* **Exercise**
Output each entry below as it stands, leaving out every picture.
--
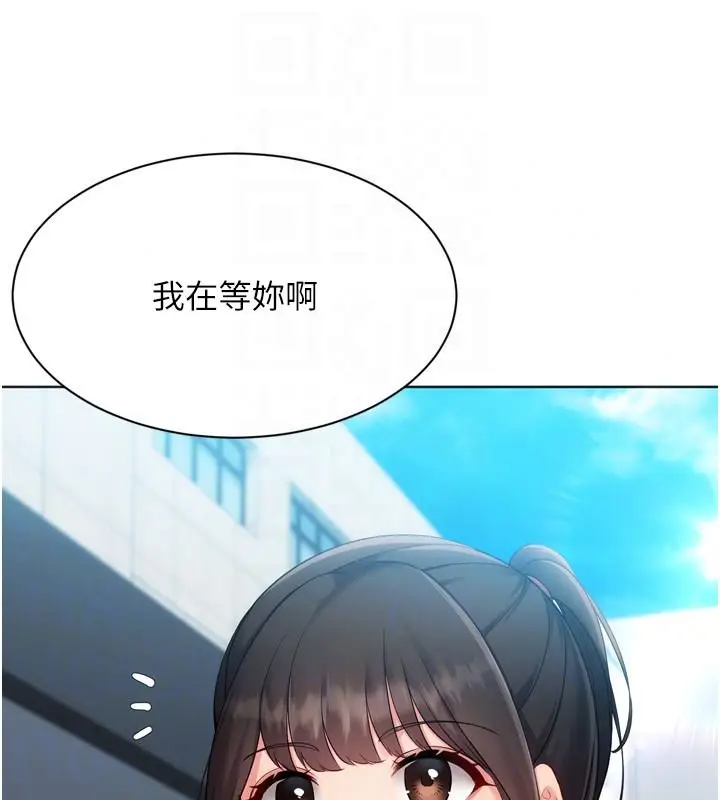 漫画《Set up!排球少女》第113话第107张图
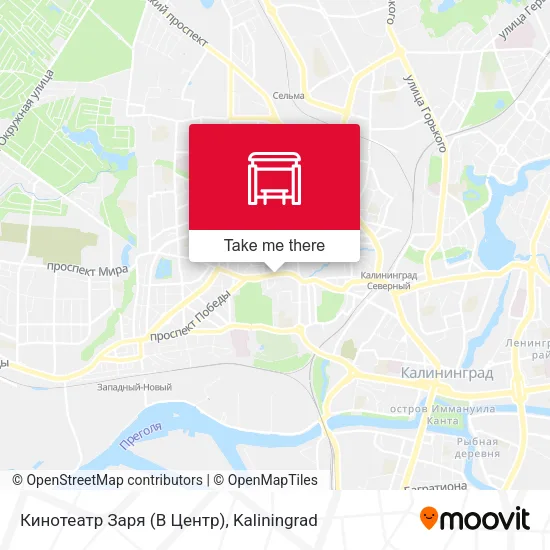 Кинотеатр Заря (В Центр) map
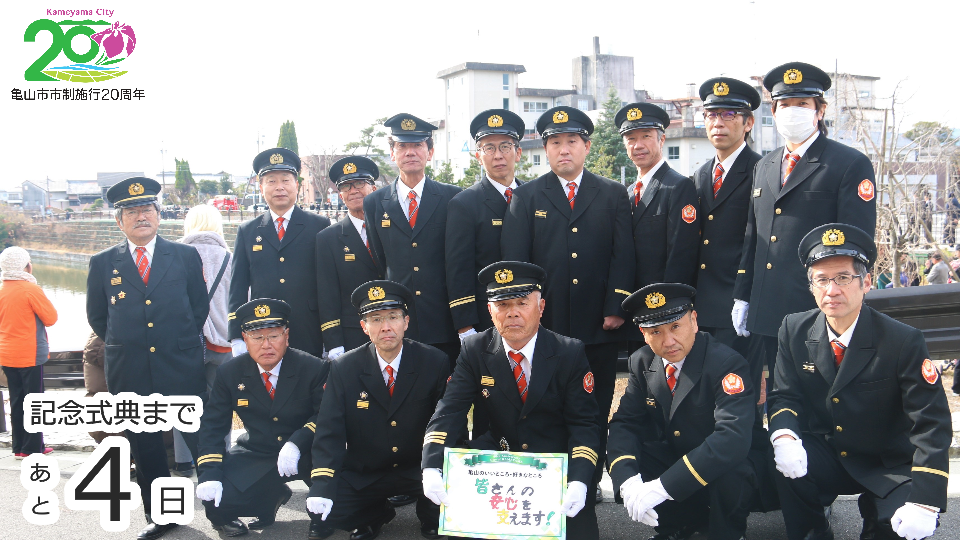 亀山市消防団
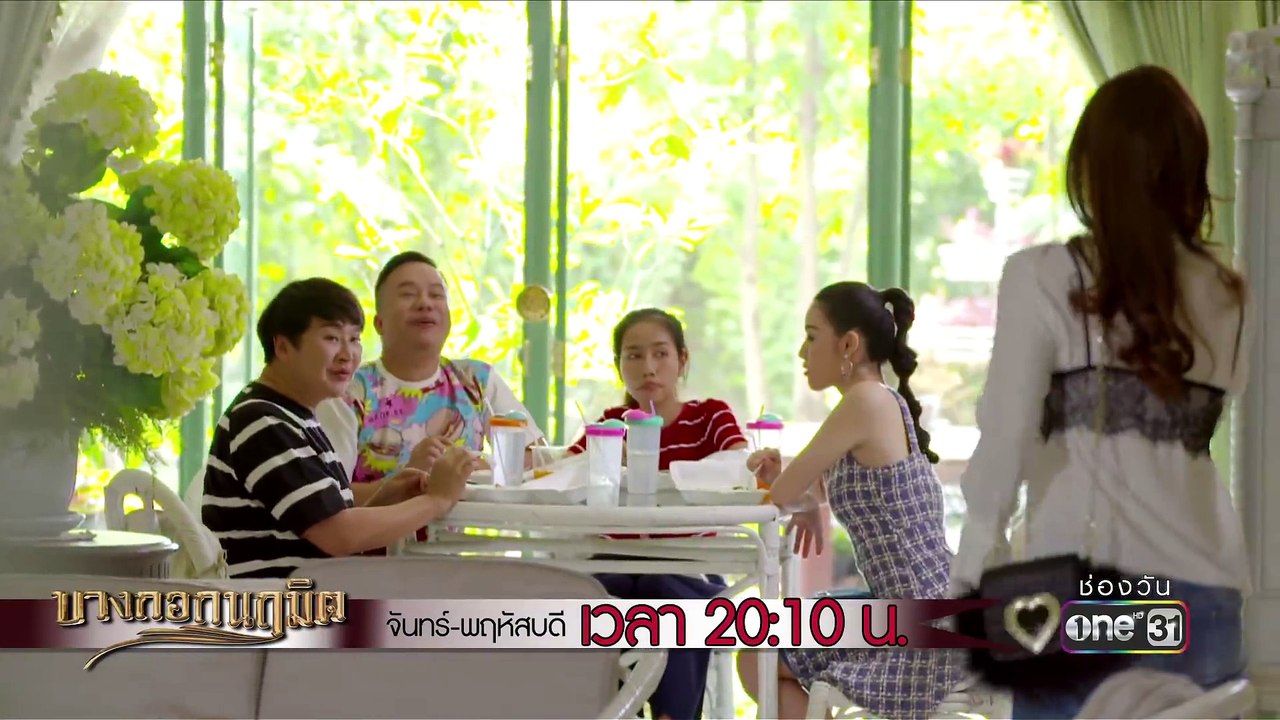 นี่เหรอแผนของคุณแพงมาศ ! | Highlight |บางกอกนฤมิต | 30 ก.ค. 61 | one31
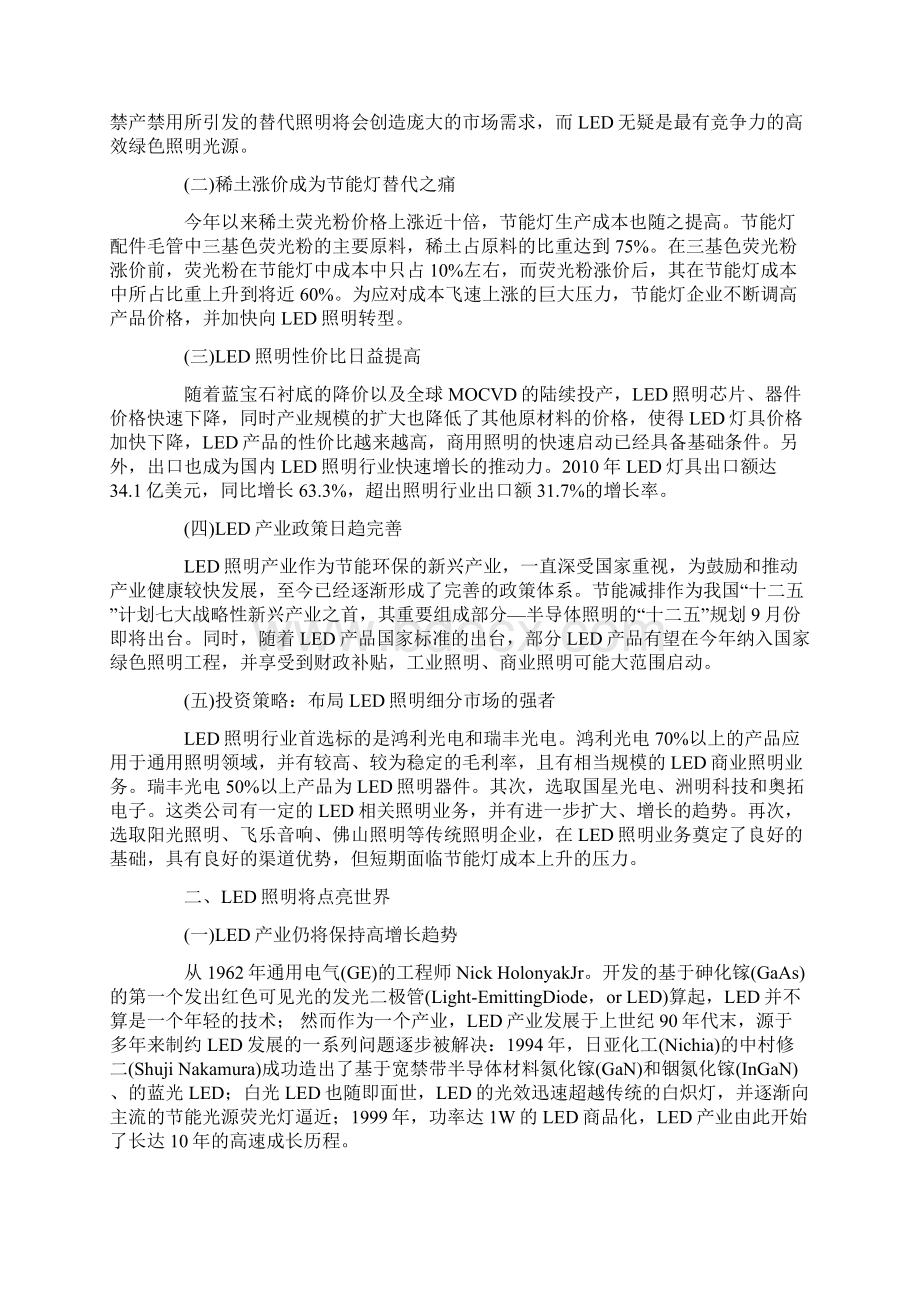 广发证券LED照明点亮世界.docx_第2页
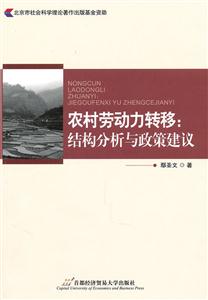 农村劳动力转移:结构分析与政策建议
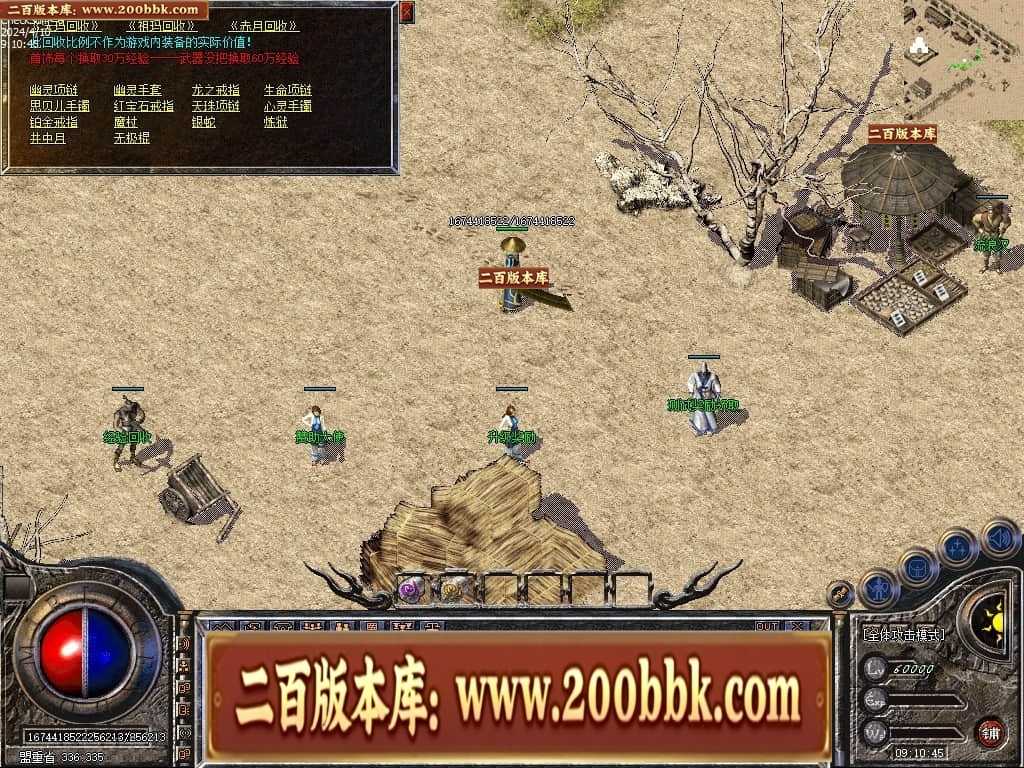 06月1.76宝宝传奇金币复古三职业传奇版本库-传奇单机版-LEG引擎 06月1.76宝宝传奇金币复古三职业传奇版本库-传奇单机版-LEG引擎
--
* **Solution to this exercise**
 漫画《Set up!排球少女》第113话第107张图
 Кинотеатр Заря (В Центр) map
 亀山市消防団
 นี่เหรอแผนของคุณแพงมาศ ! | Highlight |บางกอกนฤมิต | 30 ก.ค. 61 | one31
 广发证券LED照明点亮世界.docx_第2页
 农村劳动力转移:结构分析与政策建议
 06月1.76宝宝传奇金币复古三职业传奇版本库-传奇单机版-LEG引擎 06月1.76宝宝传奇金币复古三职业传奇版本库-传奇单机版-LEG引擎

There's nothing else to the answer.